= Provided information =
[Start of Attachment]

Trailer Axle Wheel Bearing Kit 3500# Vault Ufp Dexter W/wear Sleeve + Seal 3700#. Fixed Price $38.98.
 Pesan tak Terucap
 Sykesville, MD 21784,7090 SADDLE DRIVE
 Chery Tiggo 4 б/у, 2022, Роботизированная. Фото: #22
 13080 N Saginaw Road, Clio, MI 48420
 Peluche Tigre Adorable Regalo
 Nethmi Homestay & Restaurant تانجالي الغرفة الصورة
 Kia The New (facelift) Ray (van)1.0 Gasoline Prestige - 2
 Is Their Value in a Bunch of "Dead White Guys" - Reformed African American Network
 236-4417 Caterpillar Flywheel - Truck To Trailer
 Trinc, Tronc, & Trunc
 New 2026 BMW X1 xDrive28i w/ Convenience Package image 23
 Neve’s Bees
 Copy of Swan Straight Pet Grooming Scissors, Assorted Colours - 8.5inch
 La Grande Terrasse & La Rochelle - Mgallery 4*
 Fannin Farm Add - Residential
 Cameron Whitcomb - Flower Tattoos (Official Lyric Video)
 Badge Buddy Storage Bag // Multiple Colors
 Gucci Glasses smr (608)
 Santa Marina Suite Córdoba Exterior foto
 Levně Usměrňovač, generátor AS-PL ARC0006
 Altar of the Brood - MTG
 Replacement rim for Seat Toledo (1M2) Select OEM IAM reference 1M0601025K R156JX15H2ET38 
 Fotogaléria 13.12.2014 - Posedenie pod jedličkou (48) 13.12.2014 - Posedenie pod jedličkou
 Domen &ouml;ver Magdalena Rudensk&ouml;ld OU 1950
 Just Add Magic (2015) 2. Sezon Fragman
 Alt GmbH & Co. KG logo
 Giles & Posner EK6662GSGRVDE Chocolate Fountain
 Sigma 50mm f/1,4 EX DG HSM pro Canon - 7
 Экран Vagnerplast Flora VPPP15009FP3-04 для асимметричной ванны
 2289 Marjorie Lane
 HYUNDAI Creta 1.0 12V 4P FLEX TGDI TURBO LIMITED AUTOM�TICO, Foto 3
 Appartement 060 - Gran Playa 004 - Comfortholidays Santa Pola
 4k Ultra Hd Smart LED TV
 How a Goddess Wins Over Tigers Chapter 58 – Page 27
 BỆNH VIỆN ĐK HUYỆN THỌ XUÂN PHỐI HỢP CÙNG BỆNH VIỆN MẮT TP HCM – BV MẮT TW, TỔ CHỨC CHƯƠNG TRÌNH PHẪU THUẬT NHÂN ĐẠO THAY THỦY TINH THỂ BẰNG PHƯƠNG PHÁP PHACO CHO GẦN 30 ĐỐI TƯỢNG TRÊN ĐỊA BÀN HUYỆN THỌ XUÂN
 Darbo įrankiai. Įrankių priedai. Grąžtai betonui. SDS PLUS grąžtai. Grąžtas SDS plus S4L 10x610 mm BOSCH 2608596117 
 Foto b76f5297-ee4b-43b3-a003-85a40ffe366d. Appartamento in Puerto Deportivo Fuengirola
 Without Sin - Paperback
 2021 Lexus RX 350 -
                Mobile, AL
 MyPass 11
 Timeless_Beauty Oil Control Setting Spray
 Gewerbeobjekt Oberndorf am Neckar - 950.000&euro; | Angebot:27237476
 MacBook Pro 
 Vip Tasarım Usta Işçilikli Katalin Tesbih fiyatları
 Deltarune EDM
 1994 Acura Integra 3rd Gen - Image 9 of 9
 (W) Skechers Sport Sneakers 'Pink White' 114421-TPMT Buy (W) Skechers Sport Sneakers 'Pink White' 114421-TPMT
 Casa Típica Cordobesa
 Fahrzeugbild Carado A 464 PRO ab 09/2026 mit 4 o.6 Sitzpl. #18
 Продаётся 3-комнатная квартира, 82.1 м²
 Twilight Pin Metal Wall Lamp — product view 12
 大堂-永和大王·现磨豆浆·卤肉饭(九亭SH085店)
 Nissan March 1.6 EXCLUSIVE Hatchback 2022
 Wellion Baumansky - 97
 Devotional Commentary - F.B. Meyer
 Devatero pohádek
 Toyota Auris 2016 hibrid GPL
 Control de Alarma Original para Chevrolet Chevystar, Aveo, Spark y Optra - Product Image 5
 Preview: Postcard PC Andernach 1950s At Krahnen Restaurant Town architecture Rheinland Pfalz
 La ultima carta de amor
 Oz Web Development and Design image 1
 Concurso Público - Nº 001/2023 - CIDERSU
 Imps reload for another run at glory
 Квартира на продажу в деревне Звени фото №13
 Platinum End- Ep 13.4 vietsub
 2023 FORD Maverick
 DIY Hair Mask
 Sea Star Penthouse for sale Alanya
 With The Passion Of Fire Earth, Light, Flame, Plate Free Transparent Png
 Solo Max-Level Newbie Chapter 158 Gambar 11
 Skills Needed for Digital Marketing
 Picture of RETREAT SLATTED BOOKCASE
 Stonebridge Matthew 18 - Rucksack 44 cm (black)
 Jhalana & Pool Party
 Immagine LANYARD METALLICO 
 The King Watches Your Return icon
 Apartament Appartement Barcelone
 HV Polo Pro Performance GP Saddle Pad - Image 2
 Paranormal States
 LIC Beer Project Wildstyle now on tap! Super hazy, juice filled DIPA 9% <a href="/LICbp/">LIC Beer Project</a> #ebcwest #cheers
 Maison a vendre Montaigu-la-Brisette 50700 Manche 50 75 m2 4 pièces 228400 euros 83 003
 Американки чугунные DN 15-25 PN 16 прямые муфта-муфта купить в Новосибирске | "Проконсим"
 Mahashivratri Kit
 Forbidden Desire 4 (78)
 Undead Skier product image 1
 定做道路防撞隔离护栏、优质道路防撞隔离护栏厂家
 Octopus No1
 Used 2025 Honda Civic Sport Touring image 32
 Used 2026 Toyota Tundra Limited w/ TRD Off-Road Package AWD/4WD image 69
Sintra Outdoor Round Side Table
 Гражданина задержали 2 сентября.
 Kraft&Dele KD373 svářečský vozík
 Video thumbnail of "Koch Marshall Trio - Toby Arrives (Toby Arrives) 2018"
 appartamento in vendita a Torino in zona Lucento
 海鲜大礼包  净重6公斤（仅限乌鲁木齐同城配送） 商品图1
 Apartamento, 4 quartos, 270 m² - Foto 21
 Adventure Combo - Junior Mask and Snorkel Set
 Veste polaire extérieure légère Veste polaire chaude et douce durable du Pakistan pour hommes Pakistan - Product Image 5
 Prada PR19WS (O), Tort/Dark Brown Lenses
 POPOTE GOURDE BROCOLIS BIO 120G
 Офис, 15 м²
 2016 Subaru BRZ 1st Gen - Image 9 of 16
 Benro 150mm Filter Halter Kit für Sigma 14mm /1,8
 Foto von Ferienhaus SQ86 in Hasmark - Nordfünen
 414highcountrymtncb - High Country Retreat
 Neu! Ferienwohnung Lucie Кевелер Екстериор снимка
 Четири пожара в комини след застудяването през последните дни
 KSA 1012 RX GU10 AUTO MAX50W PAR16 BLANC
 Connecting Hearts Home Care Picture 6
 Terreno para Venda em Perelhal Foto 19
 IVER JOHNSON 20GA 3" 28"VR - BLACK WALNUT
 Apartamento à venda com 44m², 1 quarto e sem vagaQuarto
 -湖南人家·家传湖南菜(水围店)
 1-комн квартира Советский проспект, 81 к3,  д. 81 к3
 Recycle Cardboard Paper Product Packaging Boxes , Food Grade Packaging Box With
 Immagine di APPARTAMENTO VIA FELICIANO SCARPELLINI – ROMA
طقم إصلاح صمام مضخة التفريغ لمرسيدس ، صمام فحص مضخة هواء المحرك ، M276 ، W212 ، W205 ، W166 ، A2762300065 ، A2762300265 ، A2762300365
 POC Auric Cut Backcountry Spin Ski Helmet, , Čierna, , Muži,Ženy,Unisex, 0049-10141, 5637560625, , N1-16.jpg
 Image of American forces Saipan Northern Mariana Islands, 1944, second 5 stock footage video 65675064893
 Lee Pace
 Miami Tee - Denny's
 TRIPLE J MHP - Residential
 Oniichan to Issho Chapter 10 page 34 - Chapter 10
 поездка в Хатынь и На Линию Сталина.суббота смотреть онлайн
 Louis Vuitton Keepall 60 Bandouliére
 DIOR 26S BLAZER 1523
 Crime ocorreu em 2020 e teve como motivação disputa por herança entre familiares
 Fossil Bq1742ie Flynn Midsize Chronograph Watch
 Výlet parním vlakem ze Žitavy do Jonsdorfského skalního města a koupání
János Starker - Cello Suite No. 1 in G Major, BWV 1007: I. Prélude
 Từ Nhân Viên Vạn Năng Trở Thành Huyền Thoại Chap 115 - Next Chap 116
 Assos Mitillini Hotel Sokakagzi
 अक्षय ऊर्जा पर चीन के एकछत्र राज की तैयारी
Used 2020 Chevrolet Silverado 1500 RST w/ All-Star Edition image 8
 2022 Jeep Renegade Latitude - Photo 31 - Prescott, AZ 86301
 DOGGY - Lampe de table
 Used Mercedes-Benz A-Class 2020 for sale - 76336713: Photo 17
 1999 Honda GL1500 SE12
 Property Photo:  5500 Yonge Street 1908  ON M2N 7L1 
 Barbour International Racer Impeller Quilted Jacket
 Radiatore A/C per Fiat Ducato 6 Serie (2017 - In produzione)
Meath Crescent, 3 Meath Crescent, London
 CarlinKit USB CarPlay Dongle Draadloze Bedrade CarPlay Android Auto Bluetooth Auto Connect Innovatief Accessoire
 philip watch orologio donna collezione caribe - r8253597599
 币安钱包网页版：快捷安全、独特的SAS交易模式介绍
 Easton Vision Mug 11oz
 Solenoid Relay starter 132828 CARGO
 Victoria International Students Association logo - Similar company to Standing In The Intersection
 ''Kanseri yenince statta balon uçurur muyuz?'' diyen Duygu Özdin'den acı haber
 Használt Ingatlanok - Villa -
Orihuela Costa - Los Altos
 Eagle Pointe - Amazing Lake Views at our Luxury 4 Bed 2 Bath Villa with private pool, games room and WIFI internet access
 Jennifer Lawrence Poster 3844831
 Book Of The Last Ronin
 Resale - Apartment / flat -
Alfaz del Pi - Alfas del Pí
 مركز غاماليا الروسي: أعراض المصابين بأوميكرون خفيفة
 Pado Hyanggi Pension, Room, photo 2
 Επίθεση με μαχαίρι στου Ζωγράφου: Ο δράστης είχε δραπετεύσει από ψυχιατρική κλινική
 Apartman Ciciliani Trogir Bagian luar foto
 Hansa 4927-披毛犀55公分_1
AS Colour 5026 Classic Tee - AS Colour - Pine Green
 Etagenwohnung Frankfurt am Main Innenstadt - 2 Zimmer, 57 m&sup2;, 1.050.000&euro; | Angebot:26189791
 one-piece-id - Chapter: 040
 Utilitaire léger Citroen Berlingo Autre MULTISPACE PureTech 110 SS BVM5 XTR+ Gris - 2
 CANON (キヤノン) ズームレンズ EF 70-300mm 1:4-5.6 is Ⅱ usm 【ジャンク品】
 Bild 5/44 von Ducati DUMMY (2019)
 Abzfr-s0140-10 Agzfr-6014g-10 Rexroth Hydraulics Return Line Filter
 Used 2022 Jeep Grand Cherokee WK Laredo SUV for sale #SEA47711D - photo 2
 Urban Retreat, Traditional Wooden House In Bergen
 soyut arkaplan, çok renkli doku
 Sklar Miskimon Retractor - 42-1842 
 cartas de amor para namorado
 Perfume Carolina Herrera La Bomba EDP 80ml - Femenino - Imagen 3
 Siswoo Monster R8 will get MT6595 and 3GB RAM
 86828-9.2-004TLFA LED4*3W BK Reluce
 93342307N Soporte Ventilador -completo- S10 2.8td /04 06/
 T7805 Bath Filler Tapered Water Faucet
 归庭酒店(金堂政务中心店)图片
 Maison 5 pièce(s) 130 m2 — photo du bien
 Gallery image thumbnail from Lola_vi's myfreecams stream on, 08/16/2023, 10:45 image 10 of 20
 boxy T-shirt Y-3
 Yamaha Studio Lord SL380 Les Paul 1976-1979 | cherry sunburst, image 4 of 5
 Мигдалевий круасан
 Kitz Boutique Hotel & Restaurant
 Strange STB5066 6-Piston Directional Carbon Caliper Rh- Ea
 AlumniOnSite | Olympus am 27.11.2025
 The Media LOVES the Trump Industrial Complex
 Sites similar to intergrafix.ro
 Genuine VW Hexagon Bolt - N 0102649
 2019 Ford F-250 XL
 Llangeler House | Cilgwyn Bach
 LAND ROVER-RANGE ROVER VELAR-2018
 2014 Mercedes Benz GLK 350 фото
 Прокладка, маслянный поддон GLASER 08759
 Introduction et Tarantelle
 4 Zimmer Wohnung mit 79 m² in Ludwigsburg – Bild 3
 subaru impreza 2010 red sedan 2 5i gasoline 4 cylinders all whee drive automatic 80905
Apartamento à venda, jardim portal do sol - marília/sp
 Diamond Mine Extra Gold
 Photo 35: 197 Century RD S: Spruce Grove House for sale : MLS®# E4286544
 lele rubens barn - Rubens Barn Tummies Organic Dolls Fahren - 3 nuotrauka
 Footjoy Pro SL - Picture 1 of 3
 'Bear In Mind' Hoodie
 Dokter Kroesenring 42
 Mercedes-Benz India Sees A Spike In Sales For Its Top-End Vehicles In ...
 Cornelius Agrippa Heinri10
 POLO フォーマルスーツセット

[End of Attachment]

= Task instructions =
An exact transcription of the lines from the start of the listing through the line bearing "Nethmi Homestay &" is the whole answer.

= Response =
Trailer Axle Wheel Bearing Kit 3500# Vault Ufp Dexter W/wear Sleeve + Seal 3700#. Fixed Price $38.98.
 Pesan tak Terucap
 Sykesville, MD 21784,7090 SADDLE DRIVE
 Chery Tiggo 4 б/у, 2022, Роботизированная. Фото: #22
 13080 N Saginaw Road, Clio, MI 48420
 Peluche Tigre Adorable Regalo
 Nethmi Homestay & Restaurant تانجالي الغرفة الصورة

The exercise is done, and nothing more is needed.